In response the National Congress of American Indians released the following statement acknowledging the important step this policy represents:
“Eagle feathers are of great spiritual and cultural significance to many tribal nations and their citizens, and we view the Administration’s new policy as a positive step toward addressing the use and possession of these sacred items. We are hopeful that this policy will protect the rights of all Native peoples to practice their religion without fear of interference by federal officials,” said Robert Holden, Deputy Director of NCAI, the nation’s oldest, largest, and most representative American Indian and Alaska Native advocacy organization. “After decades of confusion, this new policy clarifies the position of the federal government in a manner that strikes a more equitable balance between the rights of Native American practitioners and the preservation of eagles.”
NCAI has convened Eagle Feathers Work Group meetings with DOJ officials numerous times during the policy drafting stages, and in the coming weeks, the work group will take a thorough look at the new DOJ policy and its implications.
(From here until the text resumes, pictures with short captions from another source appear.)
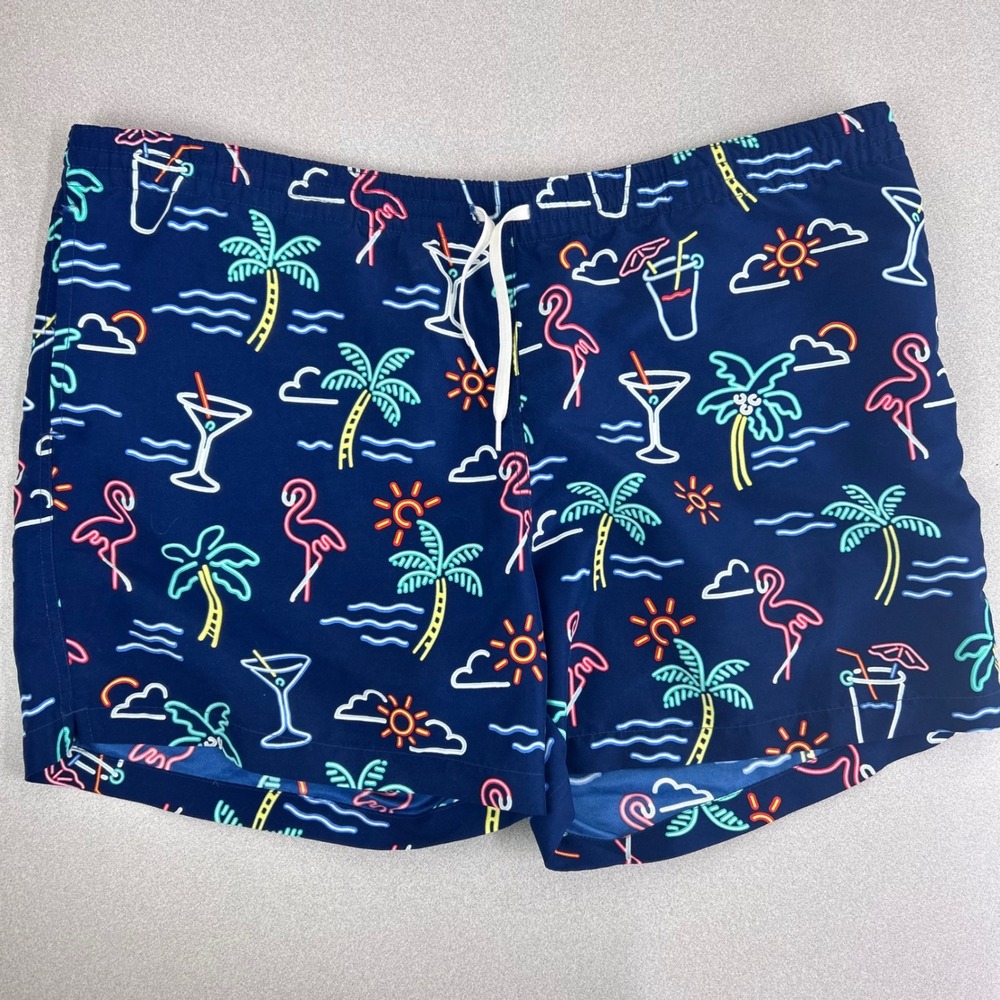 Chubbies Swim Trunks Mens XXL Navy Blue Neon Flamingo Palm Tree 5.5" Inseam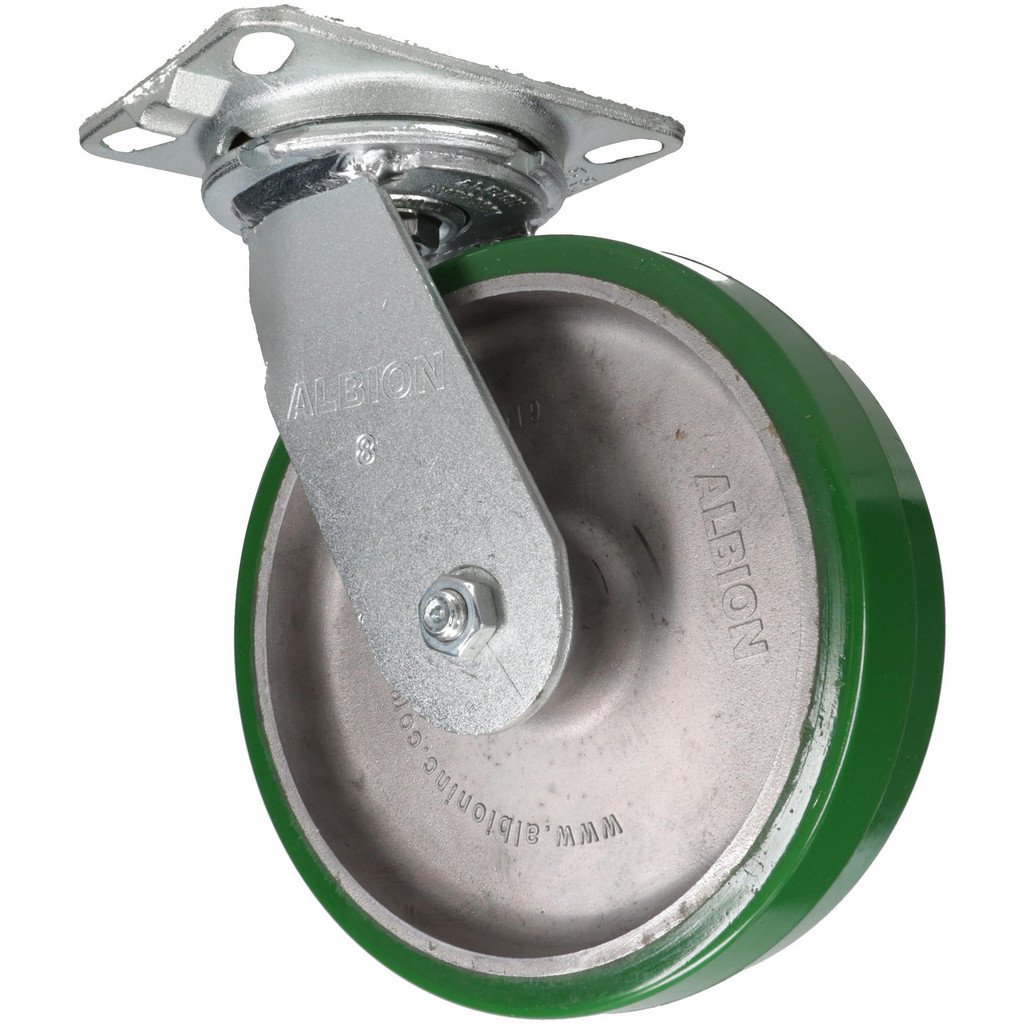 Albion Swivel Top Plate Caster: Polyurethane, 1,500 lb, 8" Dia, 2" Wide, 10-1/8" OAH - 10-1/8" Mount Height, 4-1/2 x 6-1/4" Plate, 3-3/8 x 5-1/4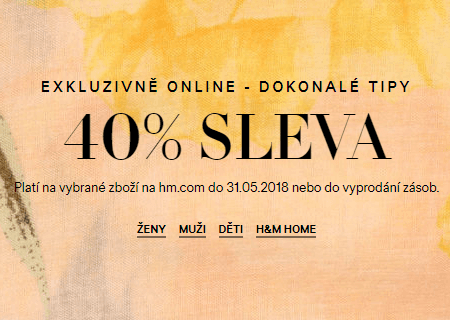 H&M - sleva 40% na vybrané zboží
“In general, we anticipate this policy will be well received by the work group and Indian Country in general. It may well resolve some decades-old concerns and everyone who has played a role in the process—both on the tribal side and the federal side—should be commended for their efforts. We encourage continued review of the policy and urge the federal government to be very sensitive to religious freedom concerns when considering enforcement,” concluded Holden.
The DOJ policy provides that, consistent with the Department of Justice’s traditional exercise of its discretion, a member of a federally recognized tribe will not be subjected to federal prosecution for certain types of conduct (see below). The Department will continue to prosecute tribal members and non-members alike for violating federal laws that prohibit the killing of eagles and other migratory birds or the buying or selling of the feathers or other parts of such birds. The new policy makes clear that DOJ’s priority is on large-scale commercial cases and incidents of illegal poaching, not the every-day use and possession of eagle parts and feathers by tribal members.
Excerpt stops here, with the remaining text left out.